Capitalism is the only system where one is treated as an equal with the opportunity and freedom to do whatever you feel. This isn't in terms of personal wealth but in terms of the potential and freedom to do it.
Socialism restricts potential by restricting what an individual can do because there is no such thing as the individual in socialism. There is also no such thing as freedom because socialism controls the ability to freely do what you want and make what you want for yourself.
In a capitalist system there are numerous, countless examples of people with nothing making their own way to create something. In socialism the only thing important is the contribution of everyone to one thing but if they don't contribute then the system falls down.
All previous states have got around the last part by enforcing socialism (via military means or worse) and not openly practicing it as say a democracy.
Socialism only actively equalizes society by making everyone as equally as poor as the lowest common denominator without any choice or say in the matter.
Thanks for this - appreciated. What I am tending to look at is a way beyond the dogmas of both capitalism
and socialism. For me, there is an argument to say that capitalism
is one form of the idea of 'the way of gaining the world but losing the soul.' This 'losing the soul' might be interpreted as an inability to know the 'spirit of a law' but instead left
with only an understanding of 'the letter of the law.' In short, one loses touch with a unifying essence, instead left with 'my dogmas better than your dogma'. Beyond that (and this might seem a strange example to use here but...) this loss of essence is like a lessening of the depth of intimacy that can be experienced - for example it will get it the way of opening to the divine aspect of women (beyond physical, emotional, mental).
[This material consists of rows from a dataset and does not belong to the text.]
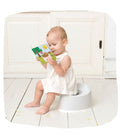 Fotografia real de uma criança sentada no Magic Potty a ler o livro incluído, mostrando o uso prático do produto.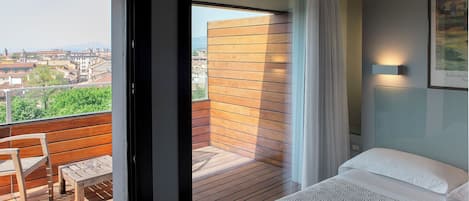 Habitación de hotel con balcón, cama, una silla y vistas a la ciudad.
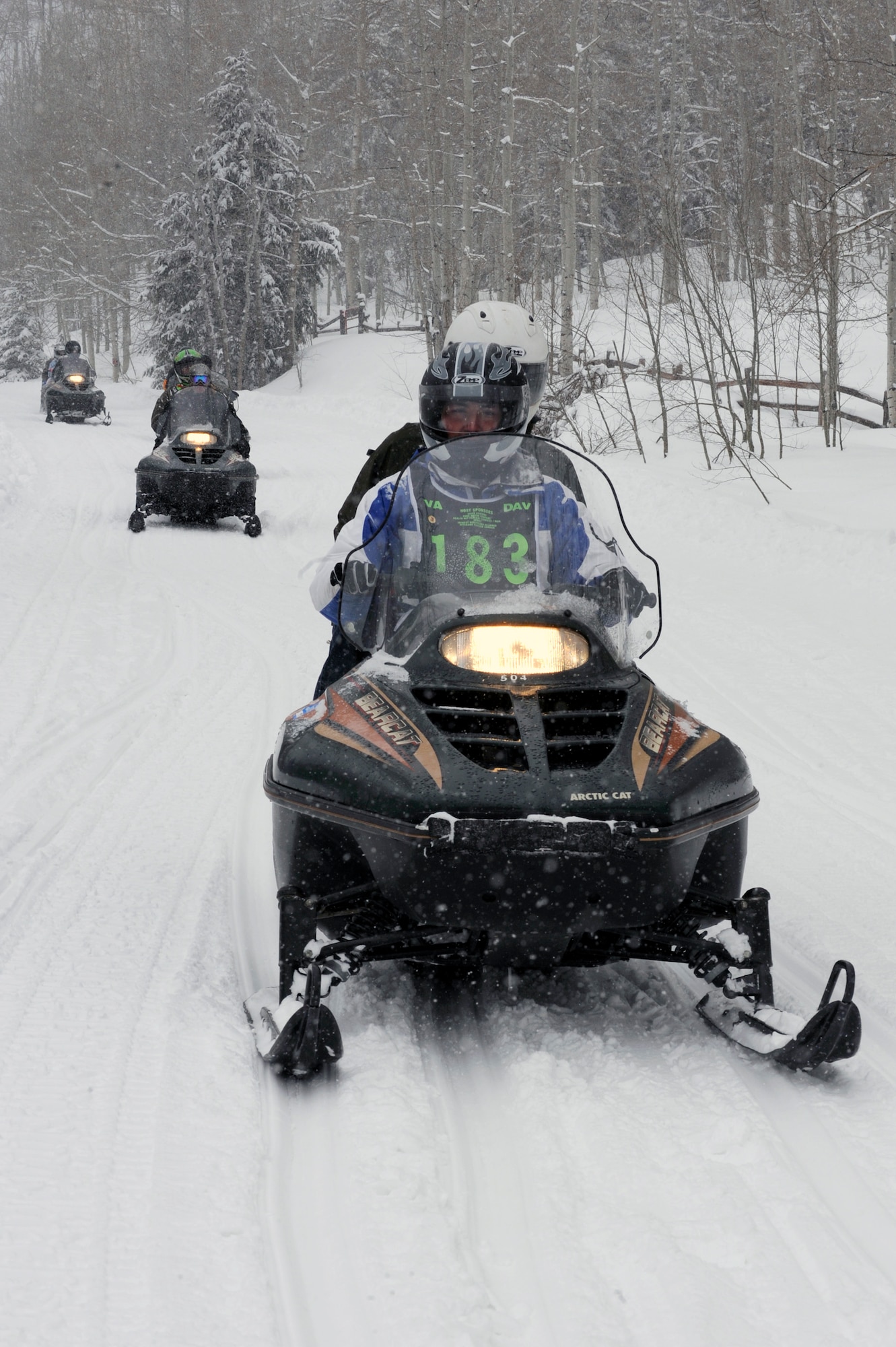 Senior Airman Kevin Krogh drives a snowmobile Apr. 1 during the 23rd National Disabled American Veterans Winter Sports Clinic in Snowmass Village, Colo. Airman Krogh lost both legs in a major car accident in 2007 and this is his first year attending the sports clinic. Airman Krogh is assigned to Fort Sam Houston in San Antonio.  (U.S. Air Force photo/Staff Sgt. Desiree N. Palacios)
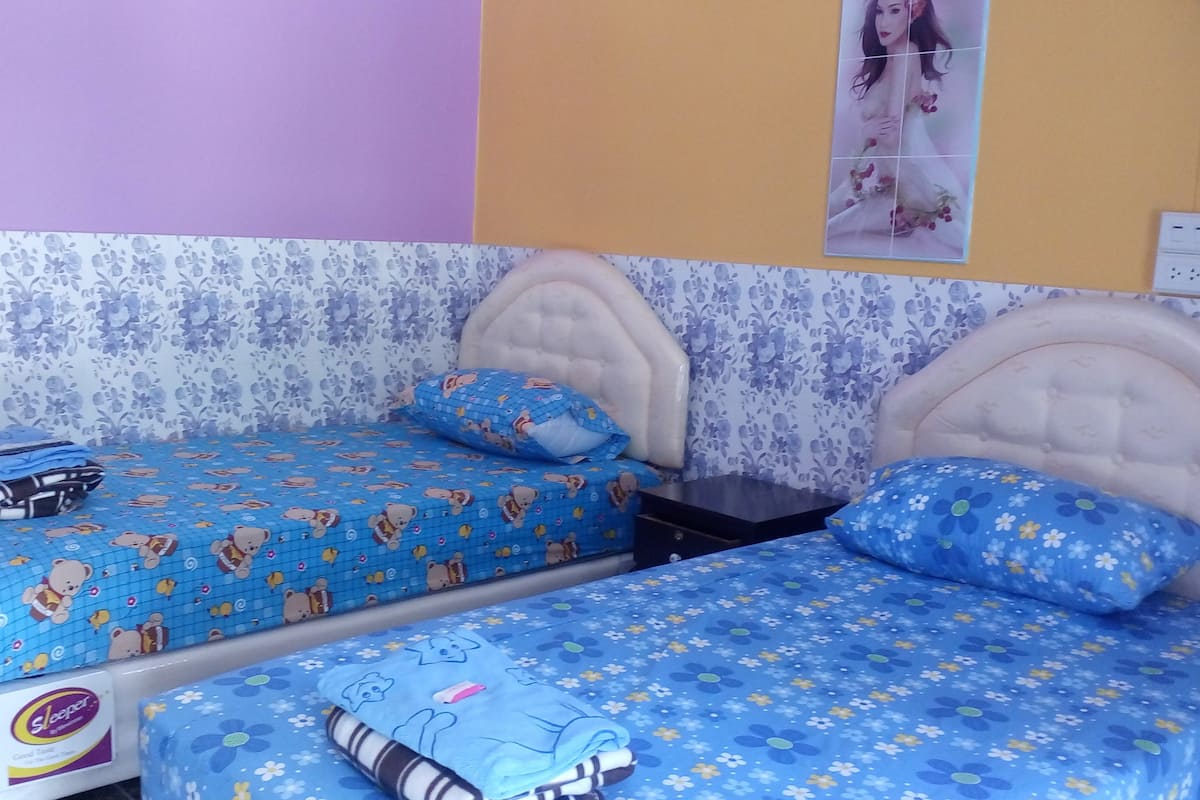 A bedroom with two beds, each with a floral bedspread and a teddy bear design.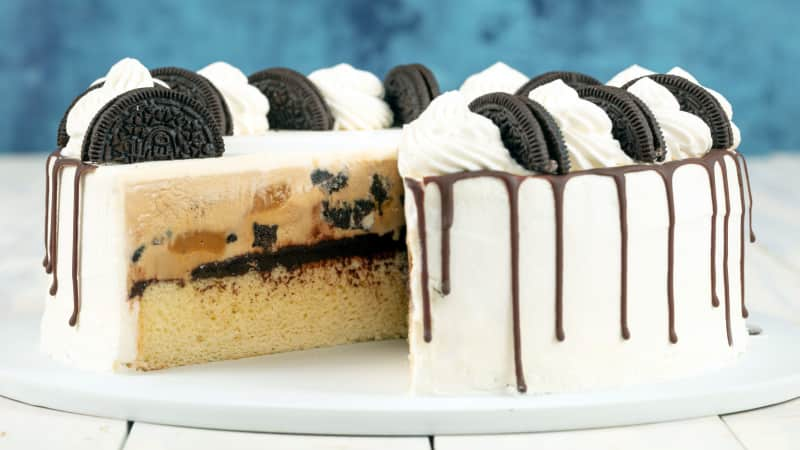 An oreo-decorated ice cream cake with a slice cut out of it showing the fudgy center with an ice cream layer and a cake layer.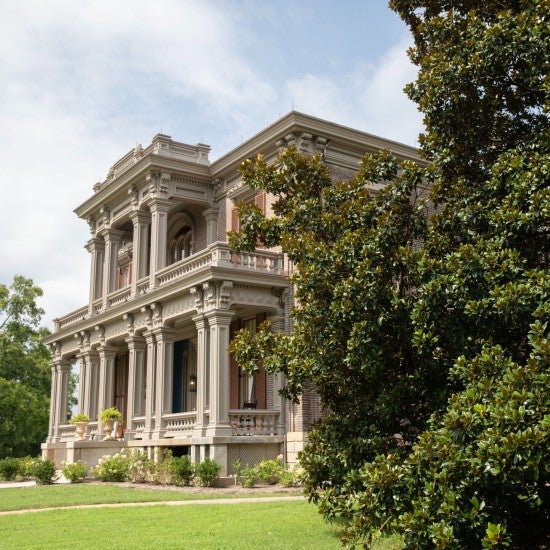 the Two Rivers Mansion from the side with greenery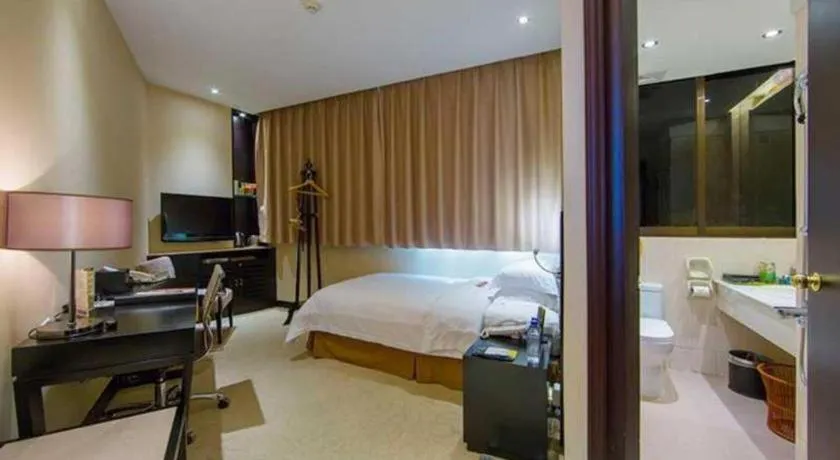 Bed in Nanning Yongjiang Hotel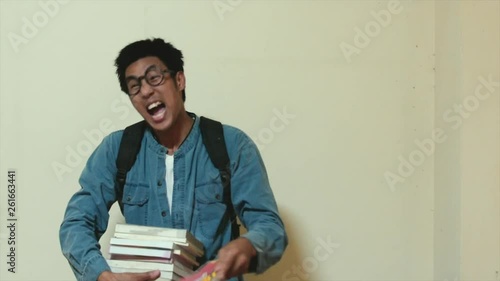 Man asian Overdo reading work without break For education to insupportable insufferable strain throwing the book on wall background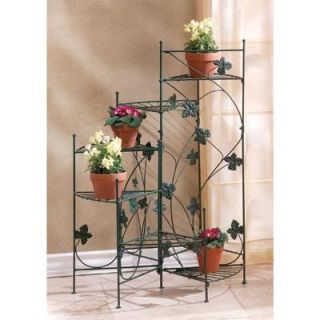 airy strands of ivy grace this staircase style plant stand six shelves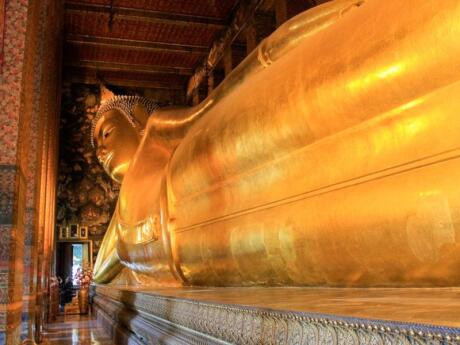 The 46-metre long reclining Buddha covered in gold leaf is another must-visit spot in Bangkok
That which is 'of heaven' comes to shape this world in a way that is not possible within only the paradigms of capitalism and socialism. Anyhow, I appreciate that this kind of thing does not generally fit within bluemoon but such is life, lol - is another way of looking at/being with these things. And if the likes of war, poverty, pollution etc are symptoms of imbalance, I don't think it's a bad thing to question what might be at the root of this.
ps if the only way people have been educated about power is '
thinking from the head downwards' rather than a power that is based in '
feeling from the ground upwards' then, more than likely, anything above will, at best, come across as upside down.